-- Extracted material follows --

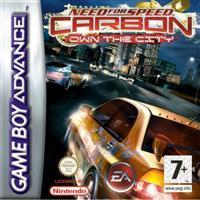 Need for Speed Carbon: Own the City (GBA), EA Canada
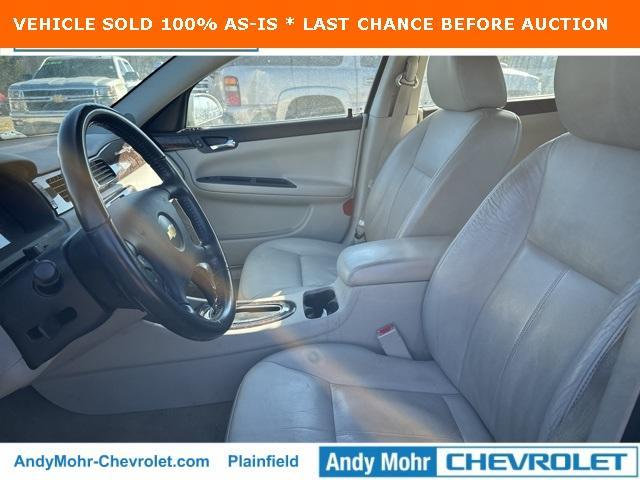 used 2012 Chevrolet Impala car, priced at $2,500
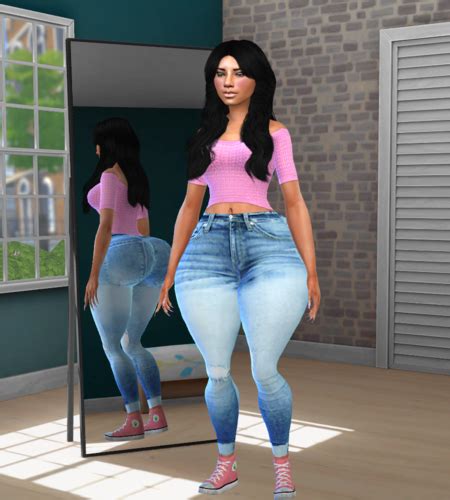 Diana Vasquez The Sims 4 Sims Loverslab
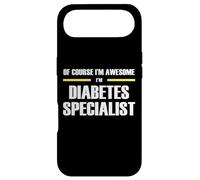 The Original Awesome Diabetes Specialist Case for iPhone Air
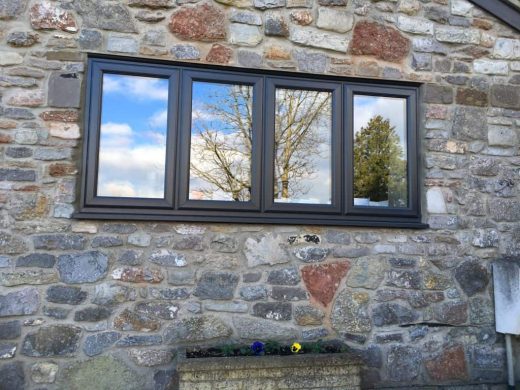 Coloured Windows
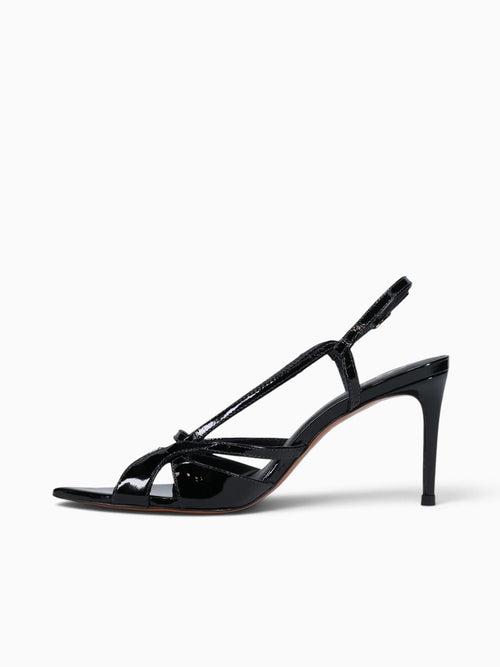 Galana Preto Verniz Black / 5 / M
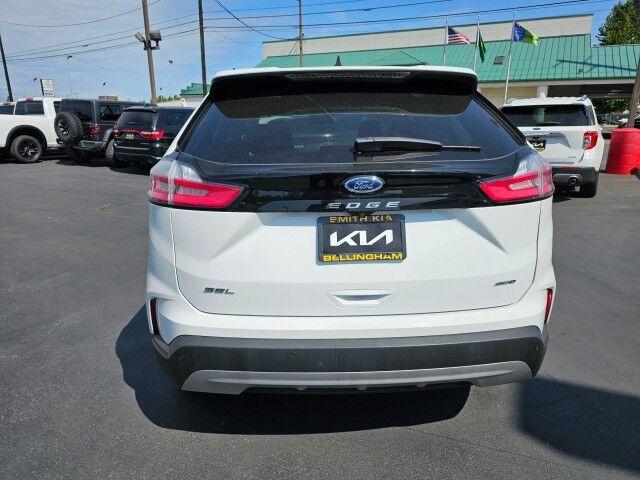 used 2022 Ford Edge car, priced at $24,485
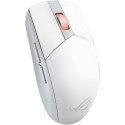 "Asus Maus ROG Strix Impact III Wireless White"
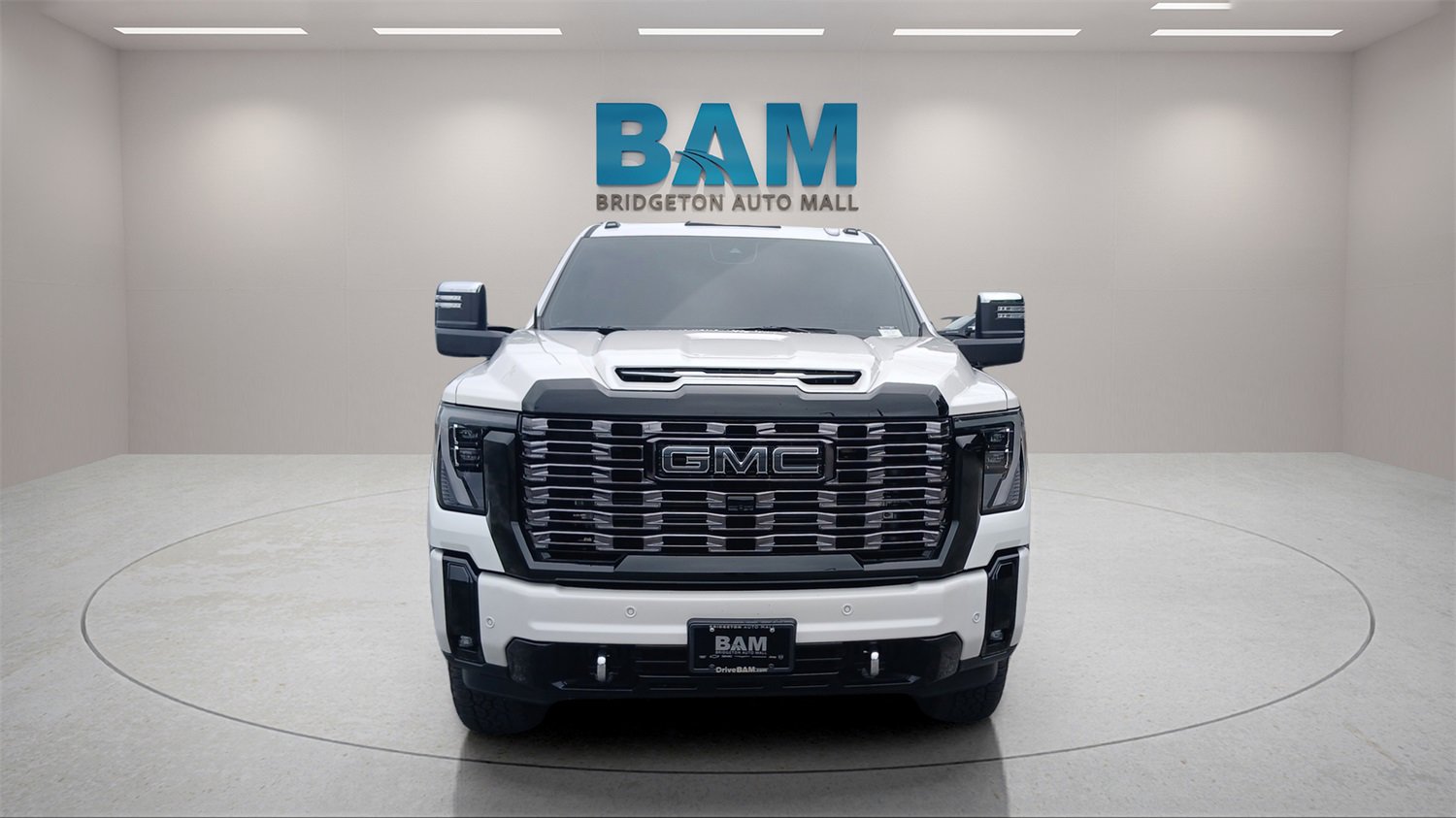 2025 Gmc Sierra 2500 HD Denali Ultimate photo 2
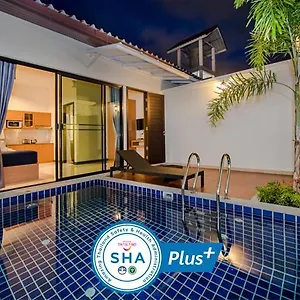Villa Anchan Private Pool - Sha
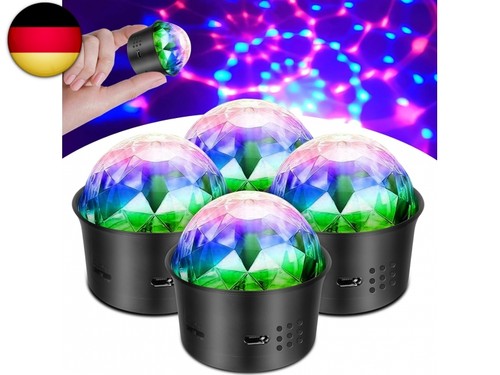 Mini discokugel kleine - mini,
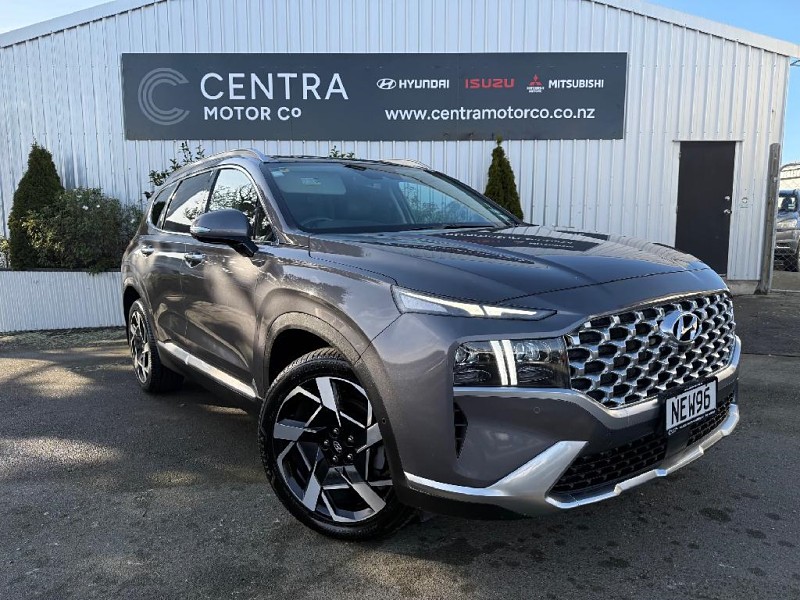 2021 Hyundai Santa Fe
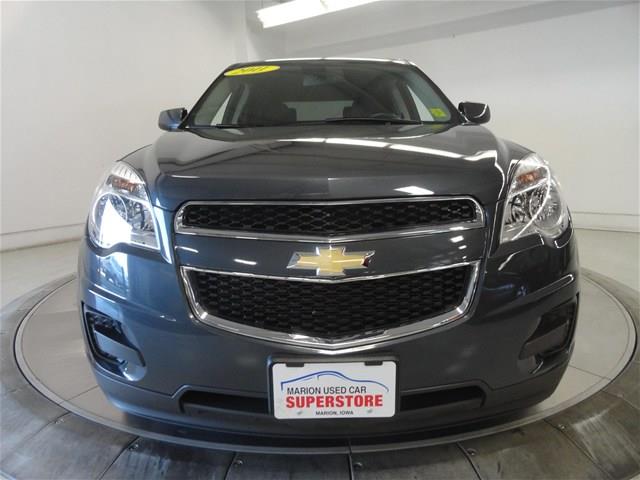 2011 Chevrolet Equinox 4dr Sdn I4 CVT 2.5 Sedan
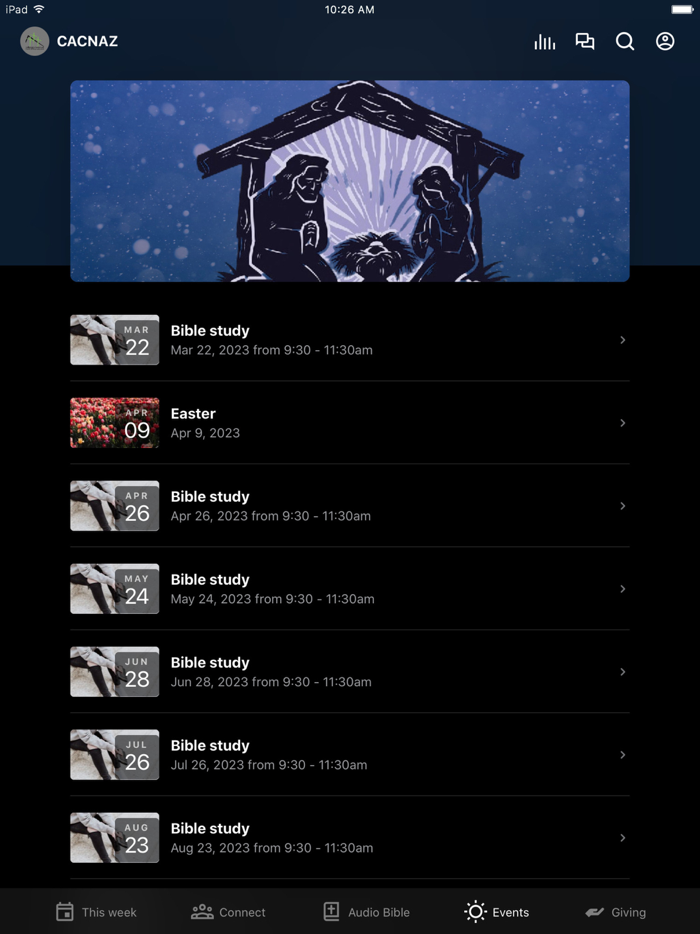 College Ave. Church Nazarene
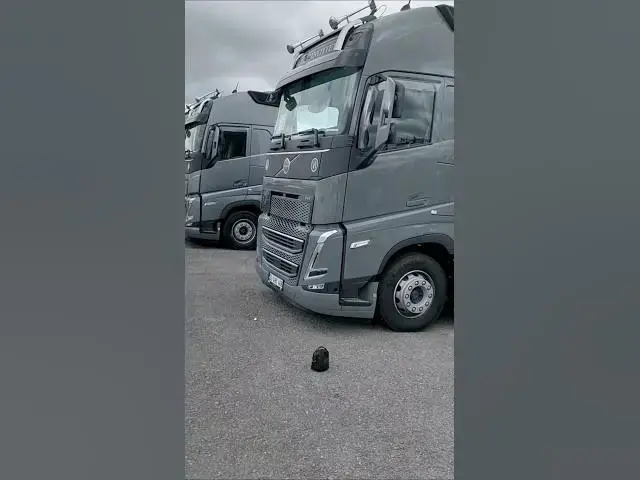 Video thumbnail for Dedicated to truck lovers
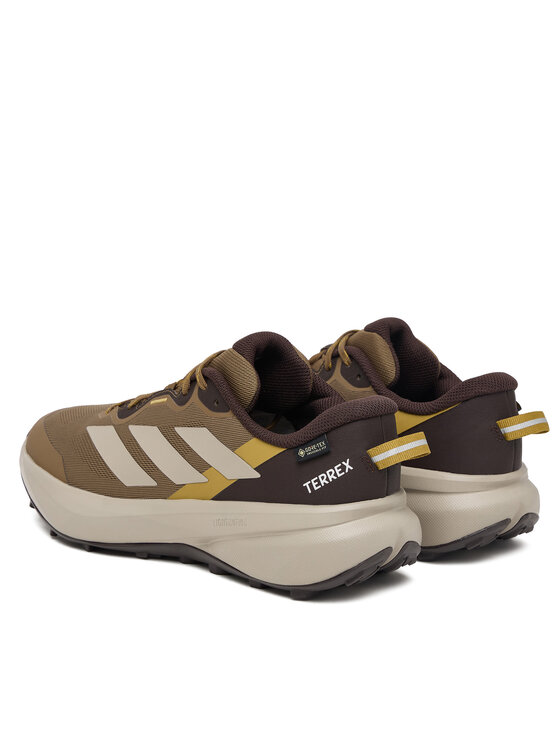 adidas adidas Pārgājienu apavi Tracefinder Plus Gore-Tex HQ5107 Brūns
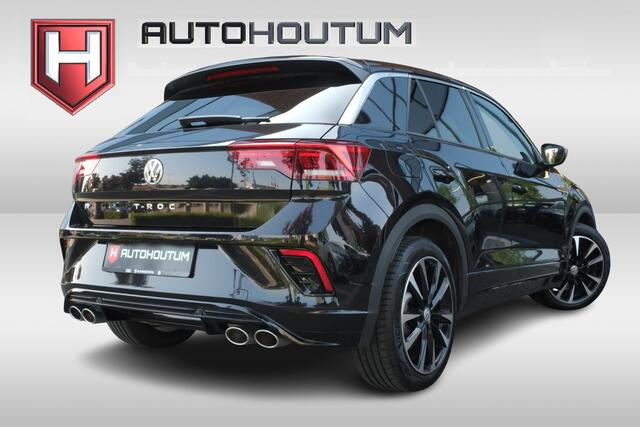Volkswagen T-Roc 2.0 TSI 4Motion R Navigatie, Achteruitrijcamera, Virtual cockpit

-- Extracted material concluded --

Print the material above once more, exactly, minus the pictures.

◆ **Solution to this task**
 Need for Speed Carbon: Own the City (GBA), EA Canada
 used 2012 Chevrolet Impala car, priced at $2,500
 Diana Vasquez The Sims 4 Sims Loverslab
 The Original Awesome Diabetes Specialist Case for iPhone Air
 Coloured Windows
 Galana Preto Verniz Black / 5 / M
 used 2022 Ford Edge car, priced at $24,485
 "Asus Maus ROG Strix Impact III Wireless White"
 2025 Gmc Sierra 2500 HD Denali Ultimate photo 2
Villa Anchan Private Pool - Sha
 Mini discokugel kleine - mini,
 2021 Hyundai Santa Fe
 2011 Chevrolet Equinox 4dr Sdn I4 CVT 2.5 Sedan
 College Ave. Church Nazarene
 Video thumbnail for Dedicated to truck lovers
 adidas adidas Pārgājienu apavi Tracefinder Plus Gore-Tex HQ5107 Brūns
Volkswagen T-Roc 2.0 TSI 4Motion R Navigatie, Achteruitrijcamera, Virtual cockpit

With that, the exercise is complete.